++++ Given material ++++
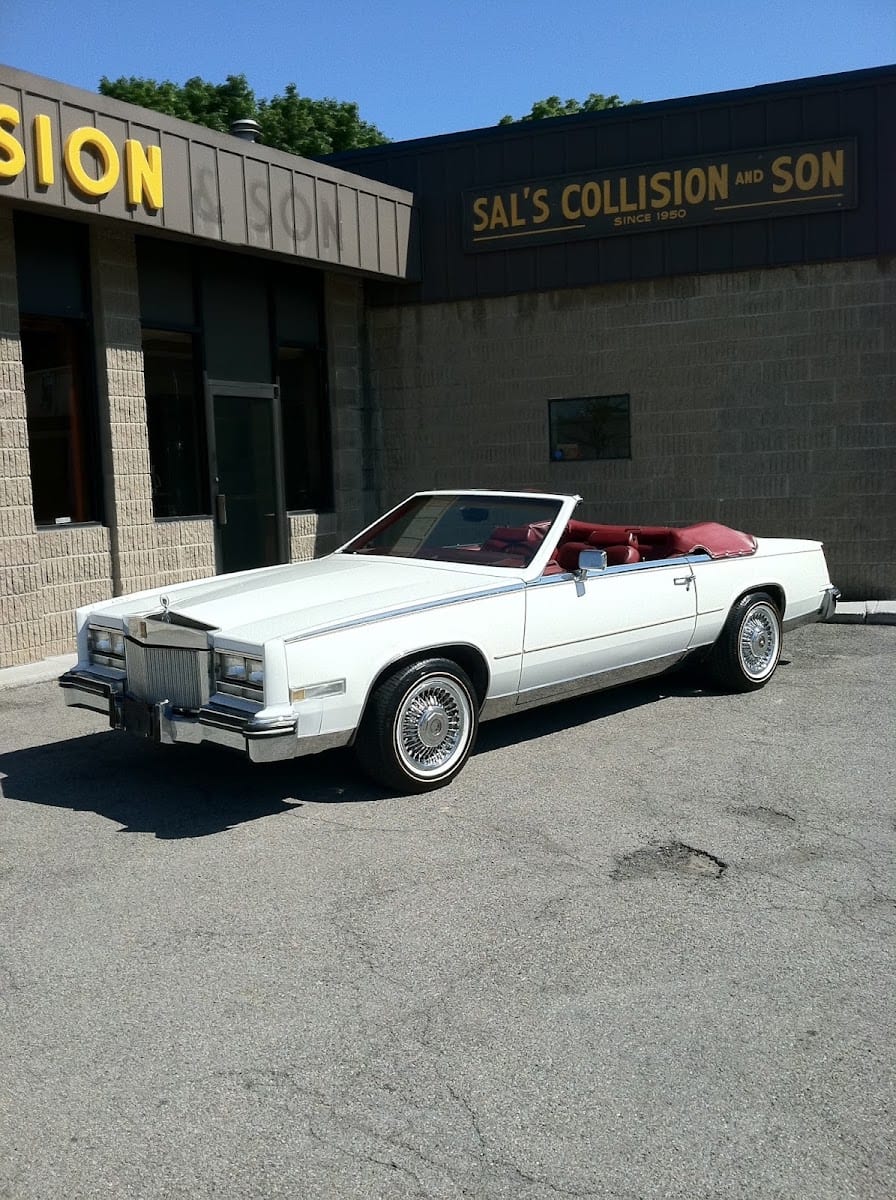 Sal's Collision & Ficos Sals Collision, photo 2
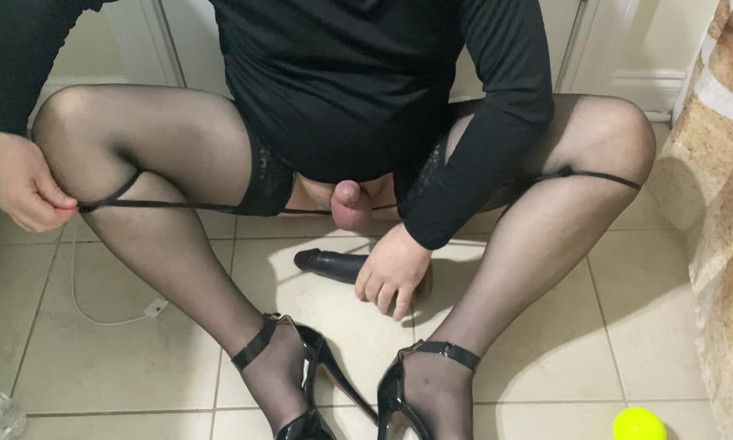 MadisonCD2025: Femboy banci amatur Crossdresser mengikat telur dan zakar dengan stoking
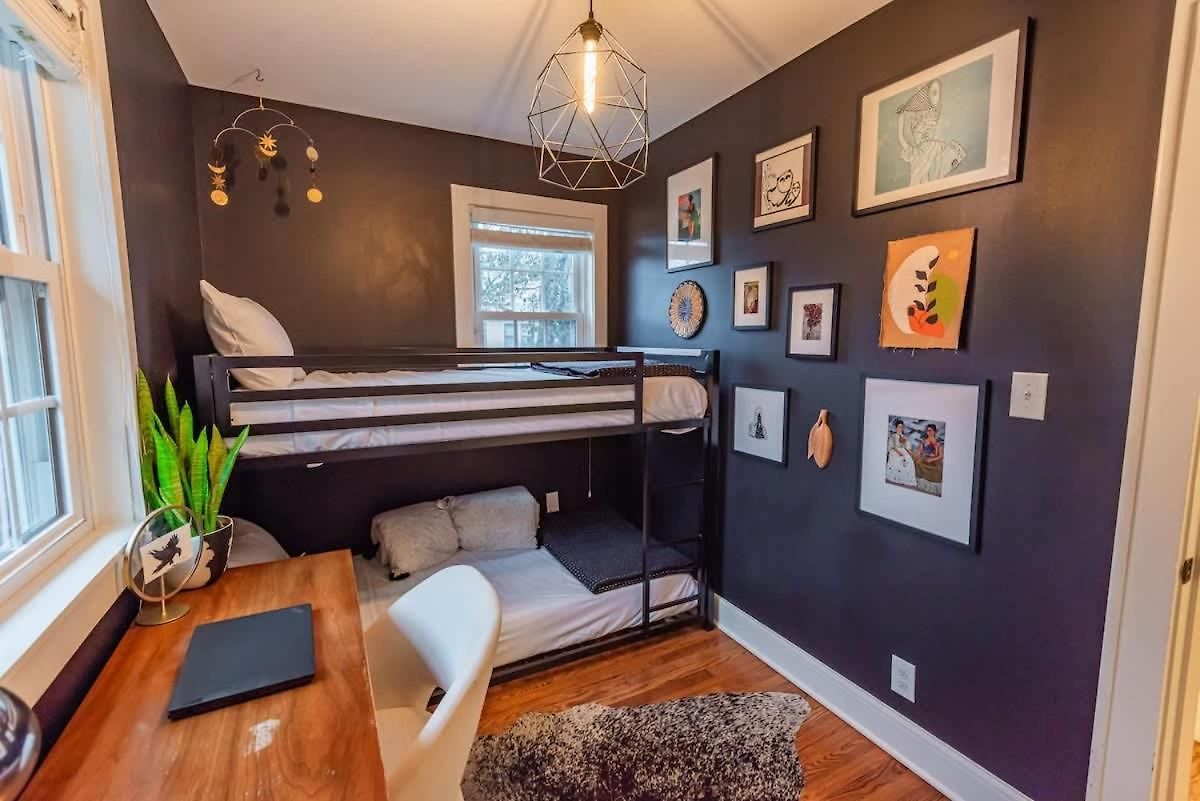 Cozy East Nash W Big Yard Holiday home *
++++
With the pictures removed, repeat the listing above exactly as it stands.

_Response area:_
 Sal's Collision & Ficos Sals Collision, photo 2
 MadisonCD2025: Femboy banci amatur Crossdresser mengikat telur dan zakar dengan stoking
 Cozy East Nash W Big Yard Holiday home *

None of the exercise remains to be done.